Soekarno diperlakukan sebagai tahanan rumah.Pada Desember 1967, Soekarno dan istrinya diminta meninggalkan Istana Bogor dalam waktu singkat, sesuai surat yang dikirimkan oleh Pangdam Jaya Mayor Jenderal Amir Machmud.
Ia kemudian dipindahkan ke peristirahatan Hing Puri Bima Sakti di Jalan Batutulis, Bogor.Rachmawati Sukarnoputri, putri Soekarno, menemui langsung Presiden Soeharto di kediamannya di Jalan Cendana, Menteng, Jakarta Pusat, meminta agar Soekarno dipindahkan ke Jakarta.Akhirnya, pada awal tahun 1969, Soekarno dipindahkan ke Wisma Yaso (kini Museum Satria Mandala) di Jalan Gatot Subroto dengan pengawasan militer yang ketat.

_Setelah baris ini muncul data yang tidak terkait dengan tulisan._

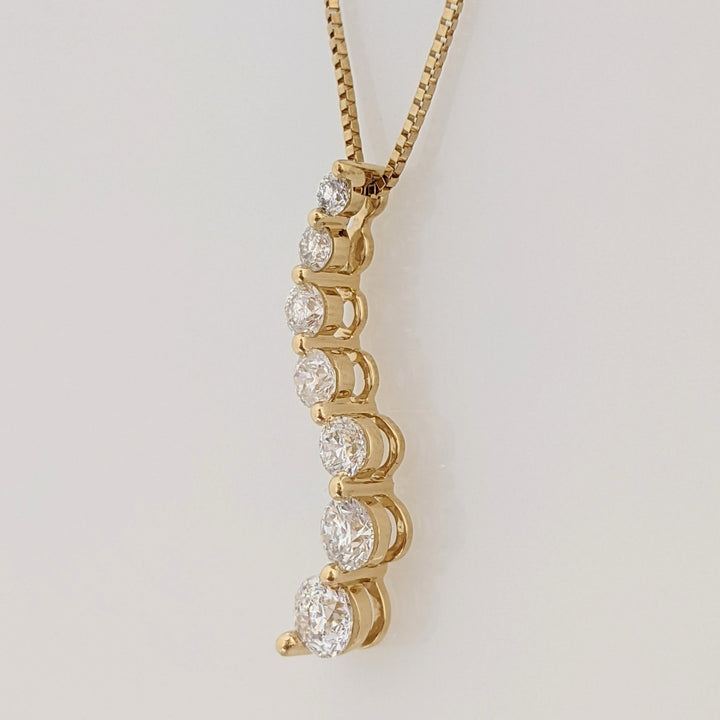 14k .80 CARAT TOTAL WEIGHT I1 G DIAMOND ROUND (7) ESTATE JOURNEY PENDANT & CHAIN 2.8 GRAMS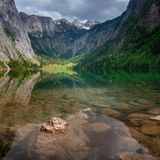 Obersee, Berchtesgaden, Bayern  Wie eine Spiegelung der Felsen rund um den See erscheint die Wasseroberfläche des Obersees. Das sehr klare Wasser des Sees macht das möglich. Da es keinen Bootsverkehr auf dem See gibt und er geschützt liegt, wird dieser Effekt noch verstärkt. Die Wanderwege rund um den Obersee führen auch zum nördlich gelegenen Königssee. Dieser ist durch einen Moränenwall vom Obersee getrennt.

Soekarno juga masih menjalani pemeriksaan oleh Kopkamtib terkait peristiwa G30S. Setelah kondisi kesehatannya semakin memburuk, barulah Soeharto memerintahkan agar interogasi tersebut dihentikan.
Pada awal Juni 1970, keadaan Soekarno semakin parah dan ia dirawat di Rumah Sakit Pusat Angkatan Darat (RSPAD) Gatot Subroto. Sayangnya Soekarno tidak mendapat perawatan yang maksimal.
“Tanggal 22 Mei 2006, bersama dr. Kartono Mohamad, saya berkunjung ke rumah Rachmawati di Jalan Jatipadang, Jakarta Selatan. Kepada kami diperlihatkan sejumlah dokumen menyangkut kesehatan Bung Karno. Ternyata, sembilan bundel catatan perawat yang dipunyai Rachmawati sama saja dengan yang dimiliki Kartono Mohamad. Bedanya, yang di tangan Rachmawati yang asli, sedangkan yang ada pada Kartono berupa fotokopi. Keduanya juga sama-sama catatan perawat, bukan catatan medis yang dibuat oleh dokter,” ujar Asvi Warman Adam dalam bukunya.
Dimana Catatan Medis Soekarno?
Dari sinilah muncul pertanyaan di mana catatan medis Bung Karno? atau malah tidak ada sama sekali dokter spesialis yang memeriksa Soekarno karena hanya ada dokter umum yang memeriksa Bung Karno.
Dr. Kartono Mohamad pernah mencoba melacak alamat perawat yang merawat Soekarno di RSPAD Gatot Subroto, namun tidak berhasil. Menurut Rachmawati, perawat tersebut bukan berasal dari rumah sakit, melainkan dari kalangan Korps Wanita Angkatan Darat (Kowad).
Pada 21 Juni 1970, Soekarno meninggal di RSPAD Gatot Soebroto, Jakarta Pusat, pada usia 69 tahun. Jenazahnya kemudian dibawa ke Wisma Yaso, di mana banyak orang datang untuk memberikan penghormatan terakhir.
Pada 24 Mei 1965, Soekarno sebenarnya pernah menulis surat wasiat yang menyatakan keinginannya untuk dimakamkan di bawah pohon rindang di Batutulis, Bogor.
Keluarganya berusaha memenuhi wasiat tersebut, tetapi Presiden Soeharto tidak mengizinkannya. Soeharto memutuskan agar Soekarno dimakamkan di samping makam ibunya di Blitar, Jawa Timur. Soekarno dimakamkan pada 22 Juni 1970.